Gold Price remains between 50 and 200 Exponential Moving Average (EMA) while struggling to keep the buyers on board, especially amid the bearish signals from the Moving Average Convergence and Divergence (MACD) indicator.

However, firmer conditions of the Relative Strength Index (RSI) line, placed at 14, join the XAU/USD’s sustained trading beyond the $1,910 confluence to keep the bulls hopeful. That said, the 50-EMA joins a one-week-old rising trend line to highlight the stated $1,910 level as the short-term key support.

It’s worth noting that a convergence of the 200-EMA and 38.2% Fibonacci retracement of late July-August downside, near $1,925, restricts the short-term Gold Price upside.
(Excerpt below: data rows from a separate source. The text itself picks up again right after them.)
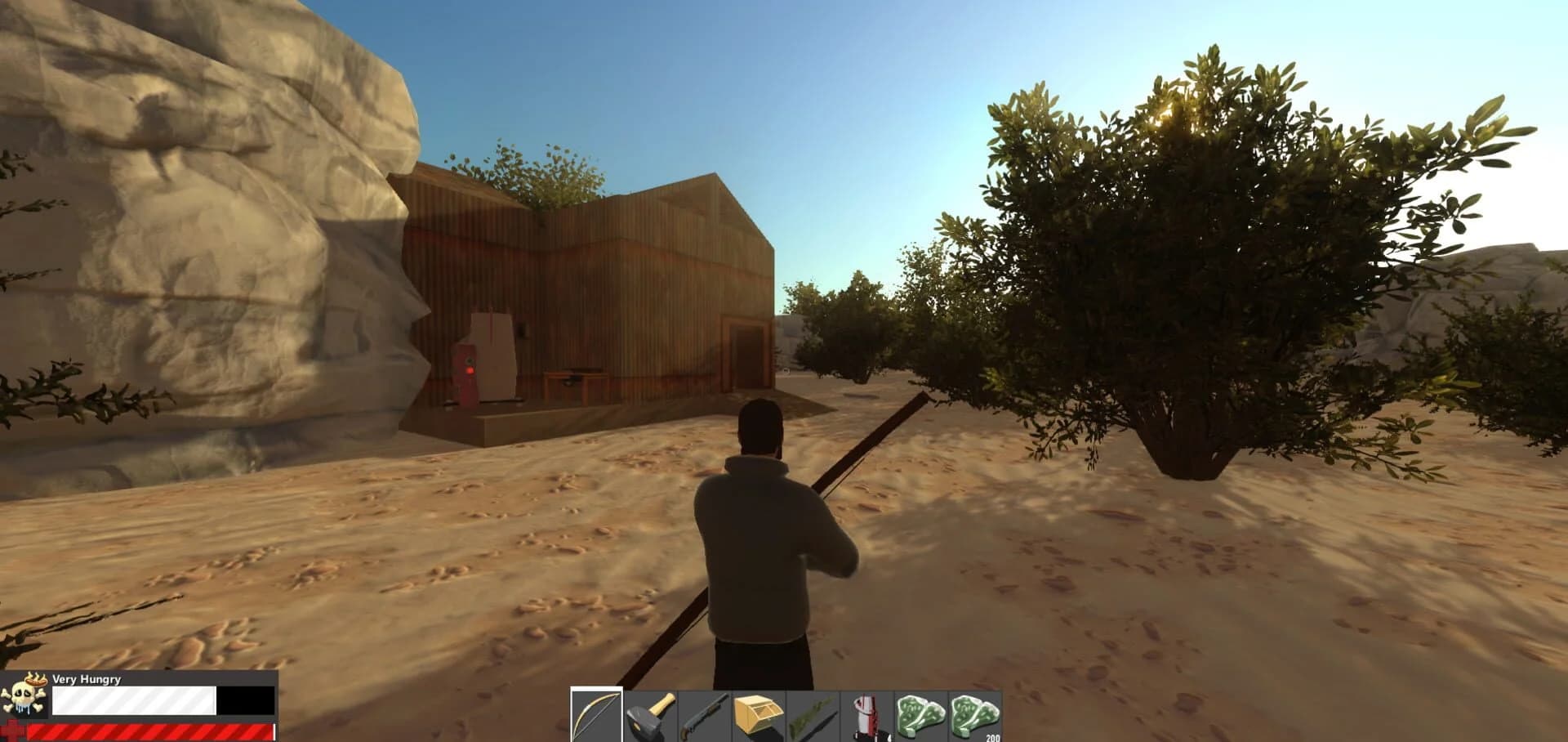 Hurtworld screenshot 1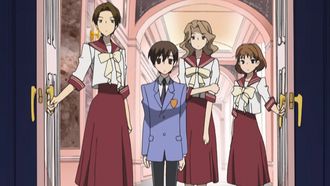 Episode 9 A Challenge from Lobelia Girls' Academy!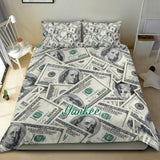 Yankee bedding set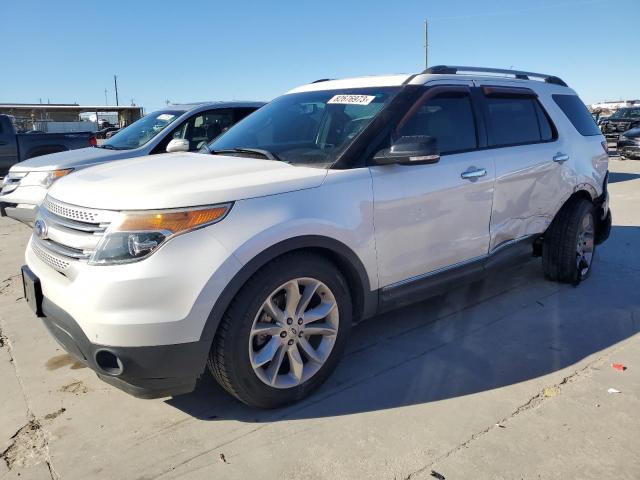 FORD EXPLORER 2014 1fm5k7d83ega59143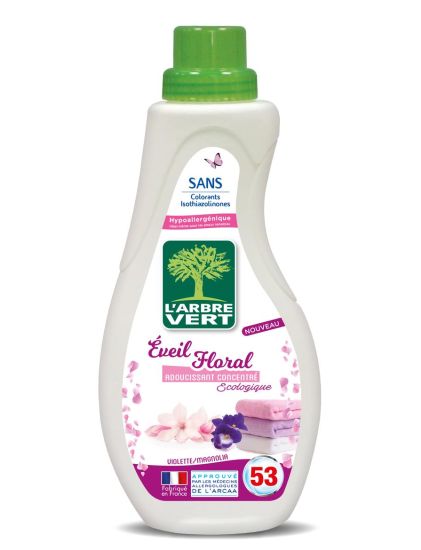 L'arbre Vert Concentre Eveil Floral Rinse 53p 800ml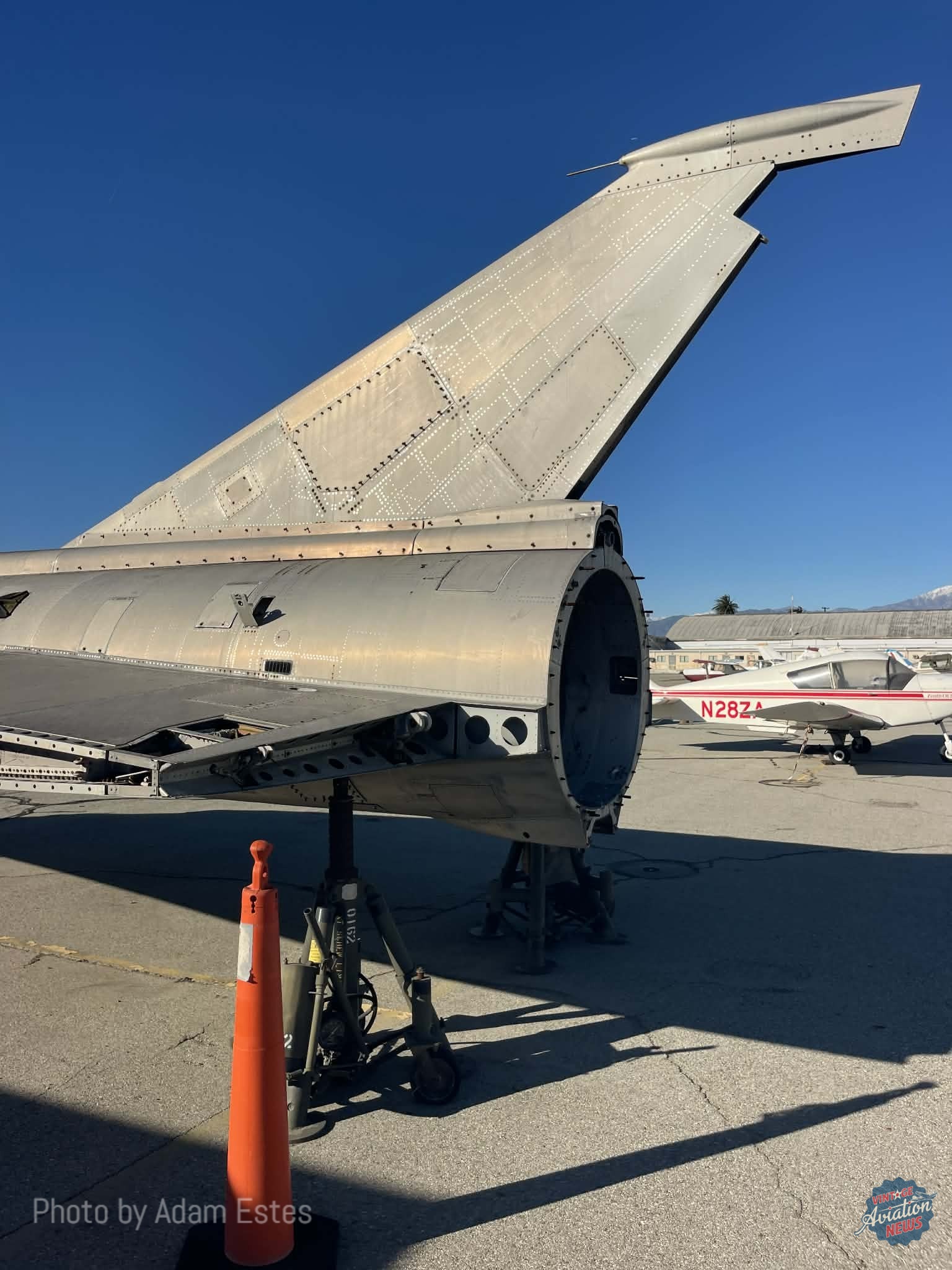 Vintage Aviation Museum Plans Relocation of a Saab Draken Fighter Aircraft 15 Saab Draken 4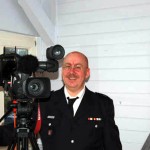 Thomas Schwarz zeichnete die Versammlung für die AG MuK auf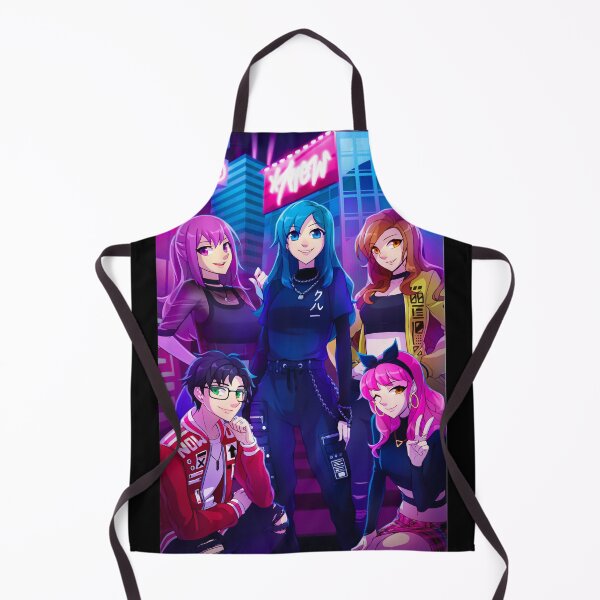 Item preview, Team Funnehs District Japanese City Night designed and sold by Kimiiche130.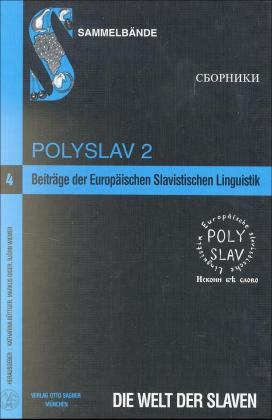 Beiträge der Europäischen Slavistischen Linguistik (Polyslav) - 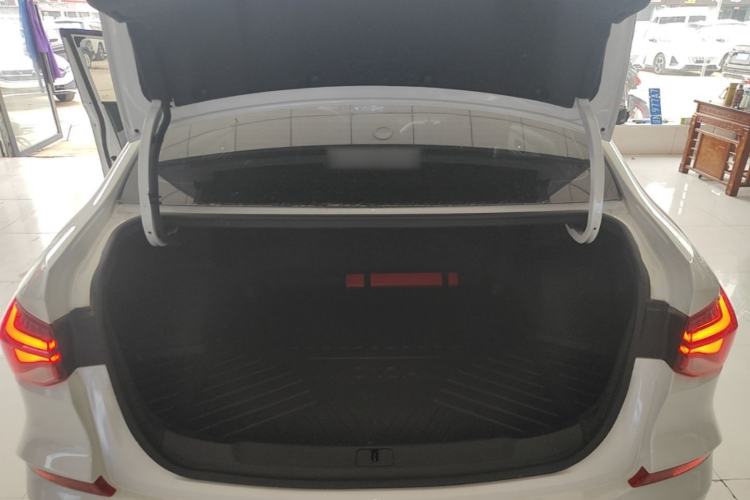 Used Chevrolet Monza 2024 1.5L Dual-Clutch Enjoyment Edition Trunk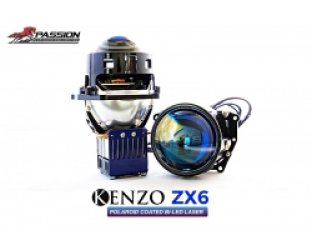 Đèn Bi Led Kenzo ZX6 - Chính Hãng | Passionauto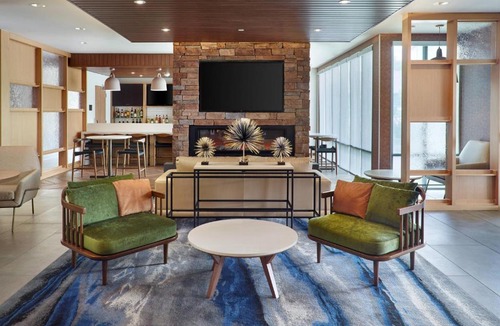 Athens Hotel | Fairfield Inn & Suites by Marriott Athens-University Area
Following that, a horizontal area comprising multiple tops marked since early August, close to $1,930, will act as the final defense of the XAU/USD sellers.

On the contrary, a clear downside break of the $1,910 support confluence could quickly drag the Gold Price toward the $1,900 round figure before highlighting the monthly low of around $1,884 for the bears.

Overall, the Gold Price is likely to stay on the recovery mode but the road to the upside appears long and bumpy.